佐藤:(ラミンは)DVDやCDで歌声を聴いていて、とにかく歌が素晴らしい方だなと思っていて。お会いしたばかりなんですが、とても優しい方で、物腰もやわらか。それと同時に、さまざまな国を渡り歩いて活動されてきたお話をうかがっていると、苦労がおありになったからこその優しさなんだろうなと思えましたね。
ラミン:僕も、シュガーさん(※佐藤の愛称)の歌をインターネット上で聴いたけれど、彼の心の中にすばらしい芸術性があることが映像だけでもわかりましたね。だから、アービターという役をどのように生きるのか、とても楽しみにしています。僕について今とてもうれしいことを言ってくれたけれども、それは彼自身にも当てはまる言葉だと思います。というのも、彼は非常に優しい人で、敬意がある。僕は、マナーがきちんとしていて、すばらしい人間性をもった人たちと仕事ができることが幸せなんです。彼が歌った『レ・ミゼラブル』の「ブリング・ヒム・ホーム」を聴いたけれども、すばらしいと思いました。

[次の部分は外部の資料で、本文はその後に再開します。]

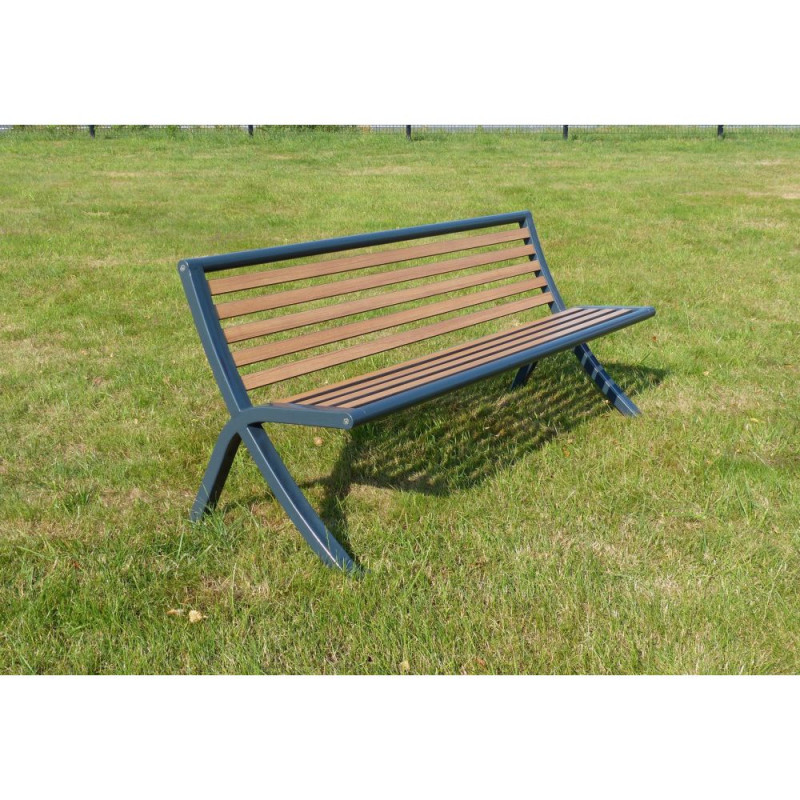 Banc urbain en compact stratifié et pied acier - Bordeaux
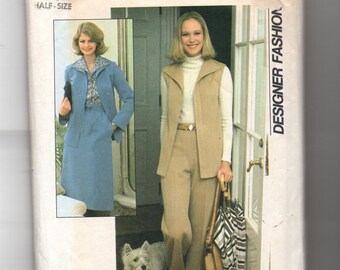 8182 Simplicity Sewing Pattern Jacket Vest Skirt Pants 41B Vintage 1970s
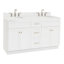 Meuble-lavabo double autoportant 60 po avec plateau en quartz Abell-94003721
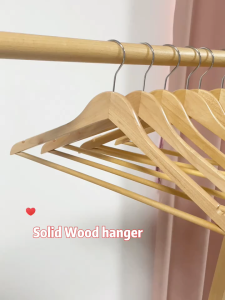 (PREMIUM REAL WOOD) WJS Luxurious Natural Maple Wood Hanger Smooth Glossy Coating Adult Clothes Hanger No Rust 360 Rotatable Stainless Steel Hook Sturdy Hand Built Each Have Unique Wood Grains Penyankut Baju Kayu Maple Asli 实木衣架 [FREE RM50 VOUCHER]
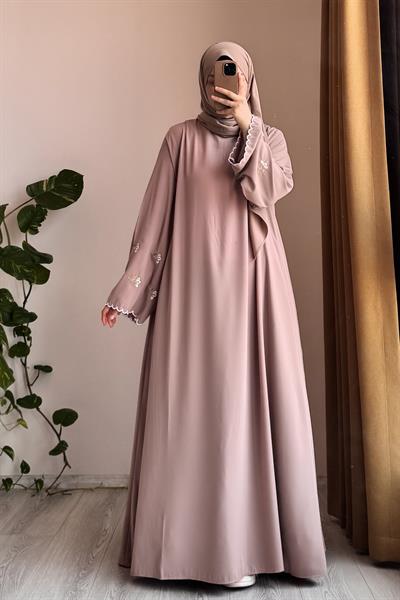 Kardelen Nakışlı Elbise - Bej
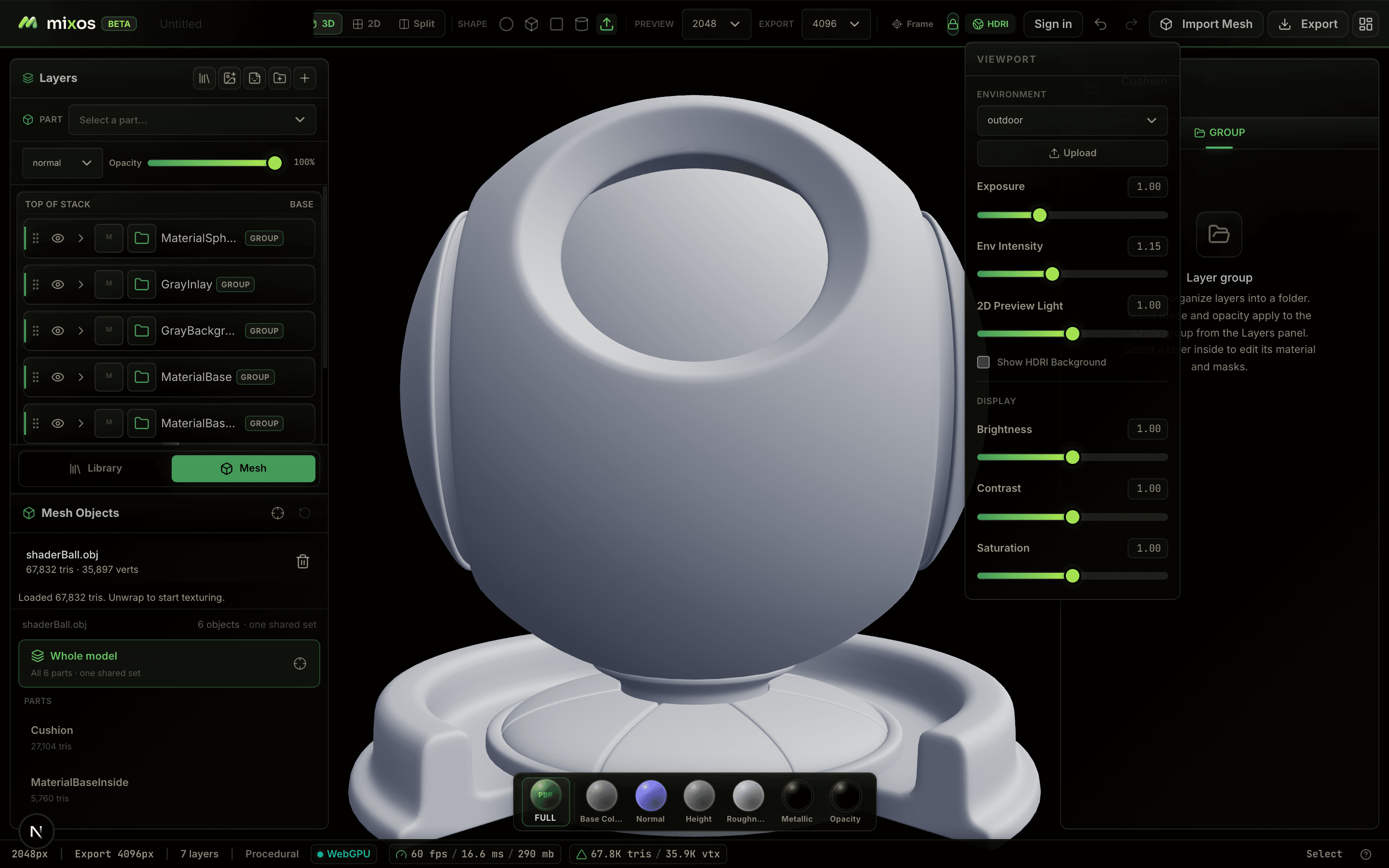 The Mixos environment and display settings: HDRI preset picker, exposure, environment intensity, a show-HDRI-background toggle, and brightness, contrast and saturation sliders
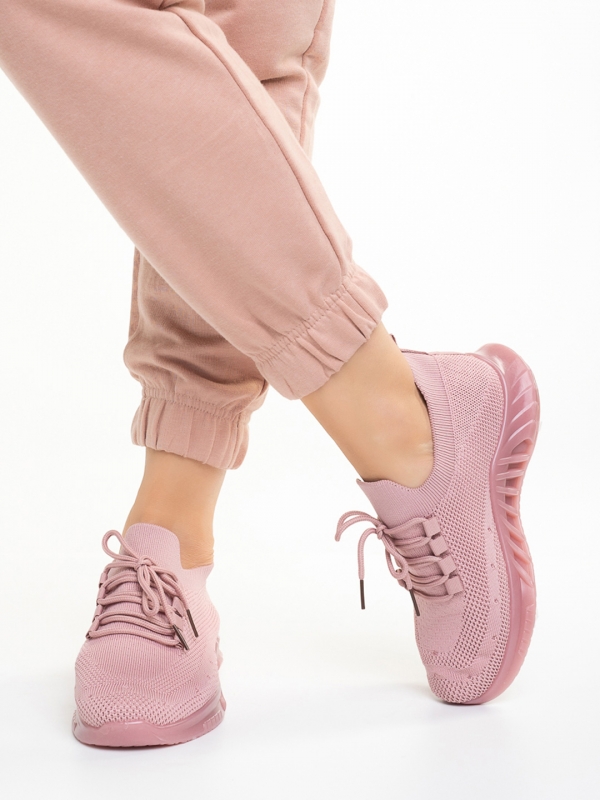 Дамски спортни обувки  розови  от текстилен материал  Nevenca, 3 - Kalapod.bg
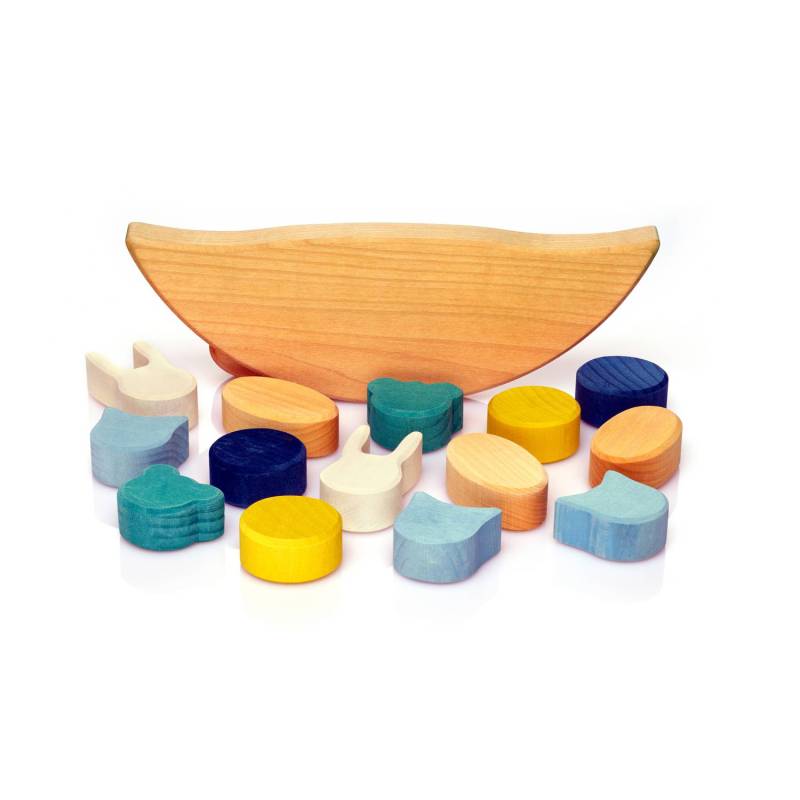 Skule Balancierspiel aus Holz  - Blau von Skule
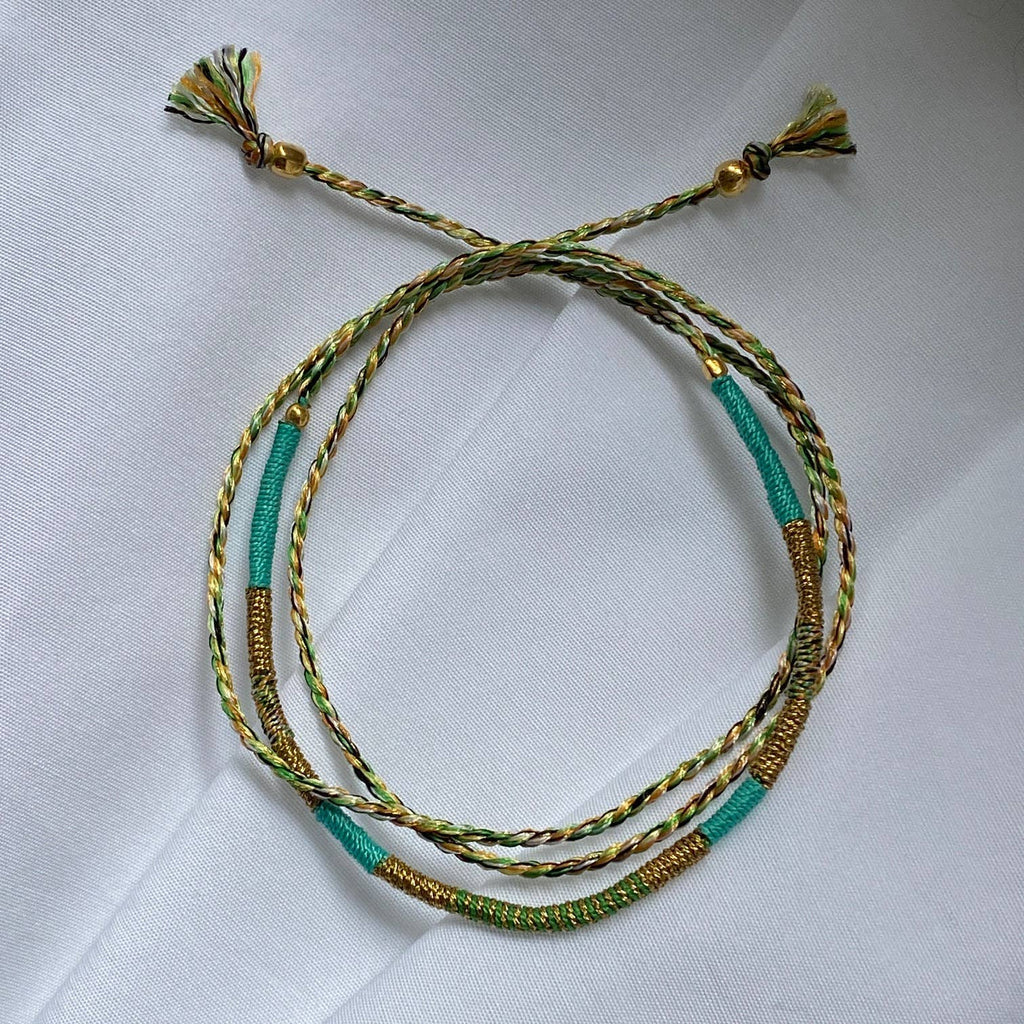 Sukh lucky charm cord bracelet: LIGHT GREY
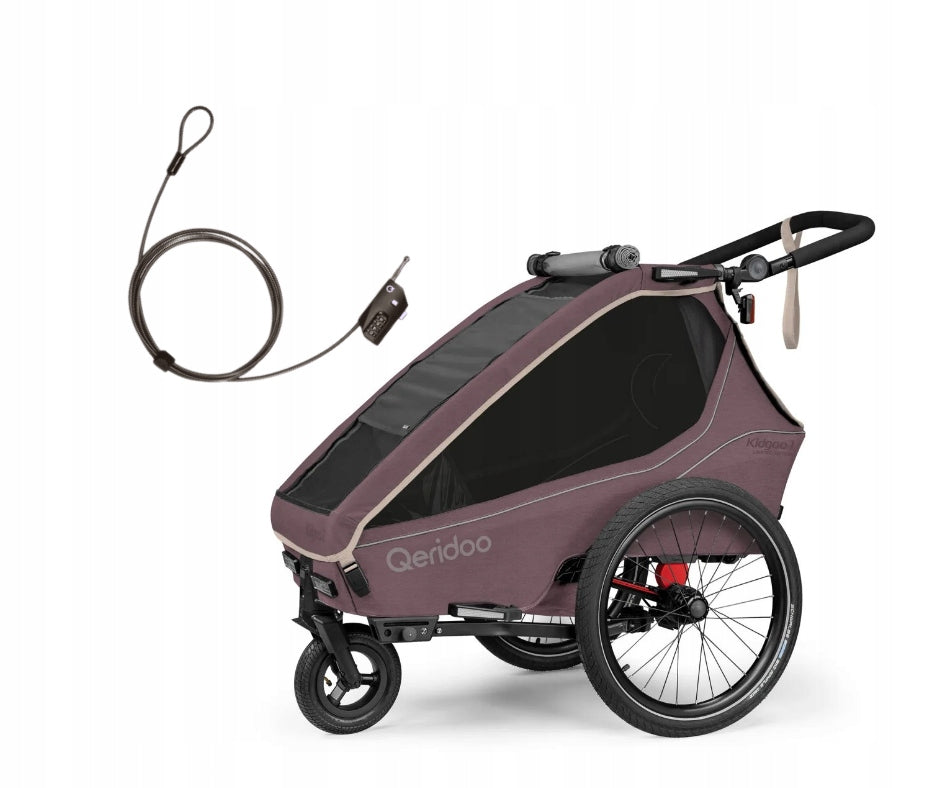 Qeridoo Kidgoo 2 Wildberry Violet Double Bike Trailer for Kids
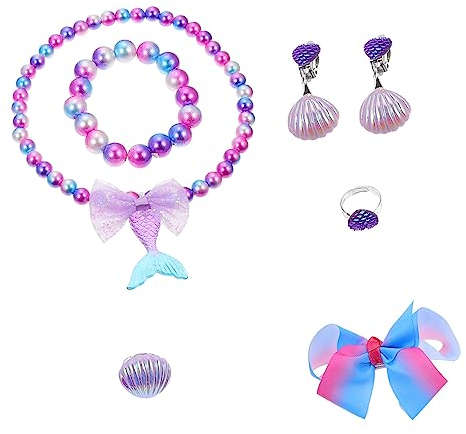 Amosfun 1 Satz Meerjungfrau Schmuck -geburtstagsfeierbevorzugung Süßes Mädchen Stretch-Armband Mädchen Ring Armband Ohrring Spielkleid Ohrclips Plastik Kind Haarnadel Krawatte Violett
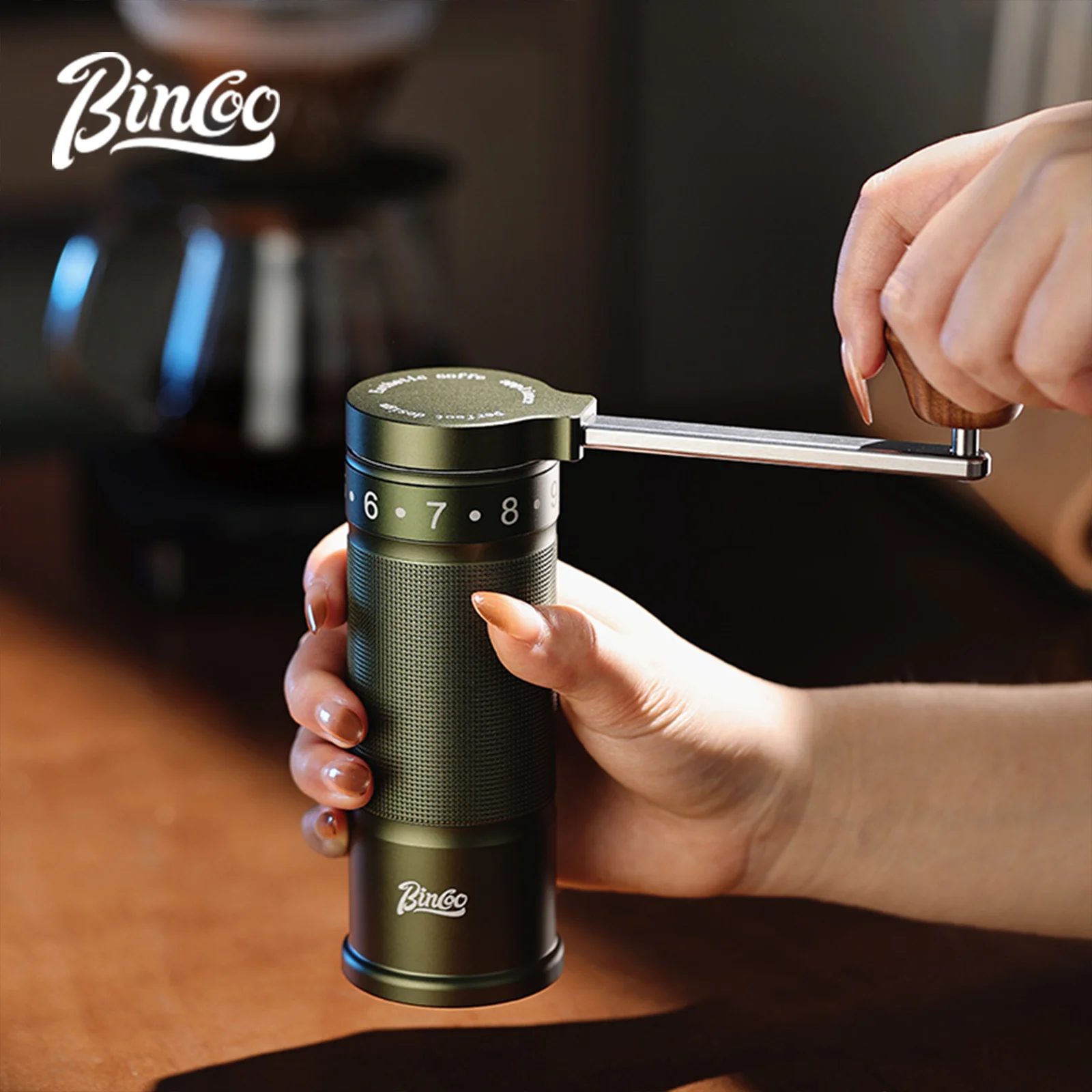 

Bincoo Manual Coffee Grinder Portable Mill 420 Stainless Steel 6 Core Stainless Steel Titanium Plating Burr Coffee Espresso Tool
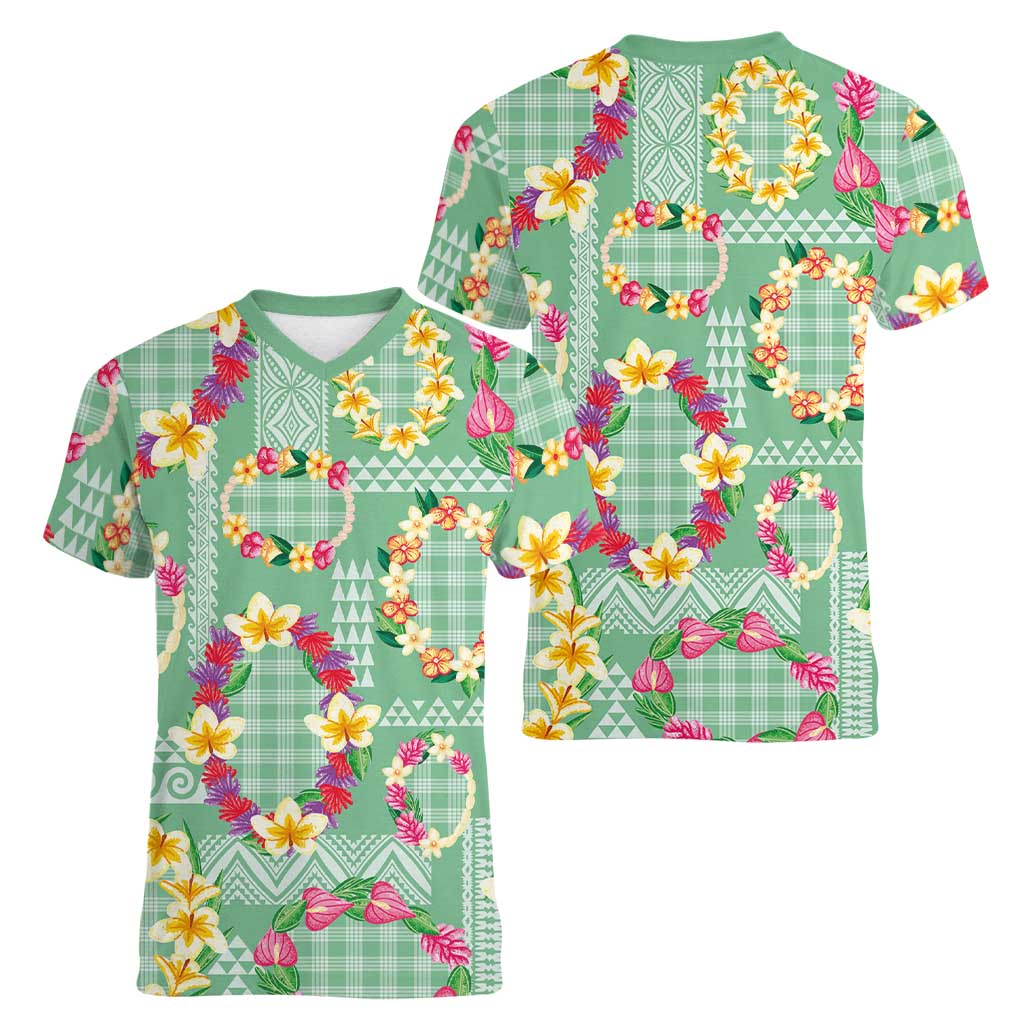 Hawaiian Leis Women V-Neck T-Shirt Kakau Tattoos and Palaka Pastel Green Color LT03 - Polynesian Pride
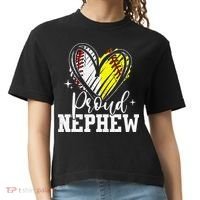 Proud Nephew Baseball Softball Heart Comfort Colors Boxy T-Shirt thumb 0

佐藤:ありがとうございます! でも、あのビデオクリップ、そこまでうまく歌えていなかったような…。
佐藤隆紀(LE VELVETS)
ラミン:そんなことない。よかったですよ。心で歌っていた、それが一番大切なことですから。観客は、「これ、嘘をつかれているな」って、曲を聴いていてわかると思います。今、「うまく歌えていなかった」と言ったけれども、もしかしたらその日あまり気分が乗っていなかったのかもしれない。歌うのがこわかったとか、何だかナーバスになっていたとか。
佐藤:すごくナーバスになってました。
ラミン:そこに脆さが出ていて、聴いていて人間味を感じたということかもしれないですね。僕が思うに、今日あまり気分が乗っていないな、そんなにいい感じじゃないなという人の方がすばらしい舞台を務められる。自分今日いい声出てる! と思う人の舞台はひどいものだったりします。なぜって、自分自身の声にしか耳を傾けていないってことですから。
佐藤:わかるかも、それ!
ラミン:自分の声にしか耳を傾けていないということは、分かち合っていないということ。それってエゴなんですよね。そういうことから判断して、シュガーさんは素敵な心の持ち主だなと、歌声から感じたというわけです。
ーーそのような境地に、どのように至ったのですか。
ラミン:経験ですね。昔は僕も、自分の声だけに耳を傾けて、自分ってすごいななんて思ったりしていました。ですが、今じゃ、自分のことを歌手とすら思っていません。どう聴こえようが気にもしていない。自分が発しているものの方が大切だと思うから。毎晩、CDを制作するために舞台に出て行っているわけじゃないですからね。完璧に演じようとする行為は、観客と自分との間に壁を作りかねない。人生ってそもそも不完全なものだと思いませんか? 舞台上で語られる物語自体、不完全な人間たちの話です。そもそも人生が完璧だったら舞台作品なんて生まれてきませんよ。完璧なものについてそれ以上語る必要なんてないんですから。ただ、そういったことを学ぶまでには本当に時間がかかりました。時間をかけて、いかに気にしないか、いかに気にかけるべきことだけを気にかけるかを学んでいきました。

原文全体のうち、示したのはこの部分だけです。